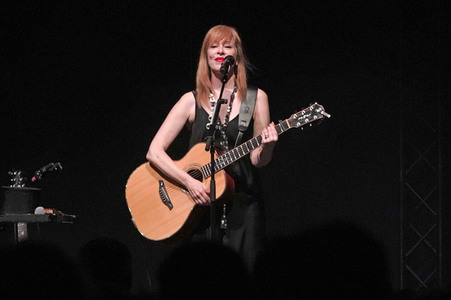 Konzert von Suzanne Vega in Berlin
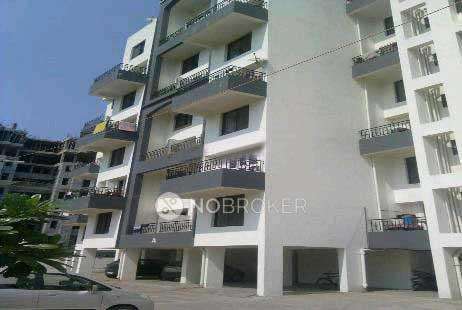 2 BHK Flat In Jaihind Residency For Sale  In Chikhali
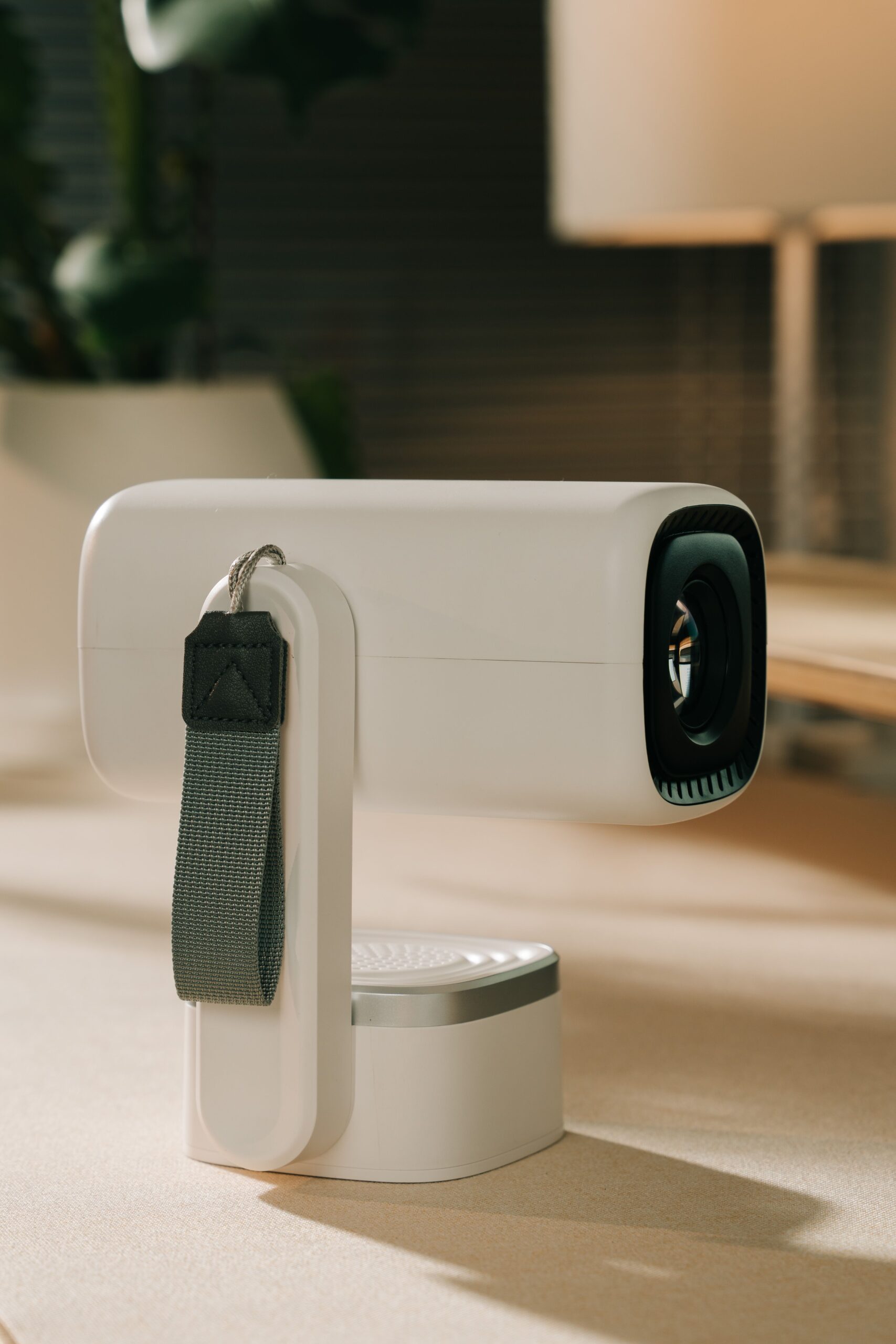 Modern home air purifier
::::::
* [Task brief] The whole listing should be retyped word for word; none of its pictures belong in the copy.

* [Response area]
 Konzert von Suzanne Vega in Berlin
 2 BHK Flat In Jaihind Residency For Sale  In Chikhali
 Modern home air purifier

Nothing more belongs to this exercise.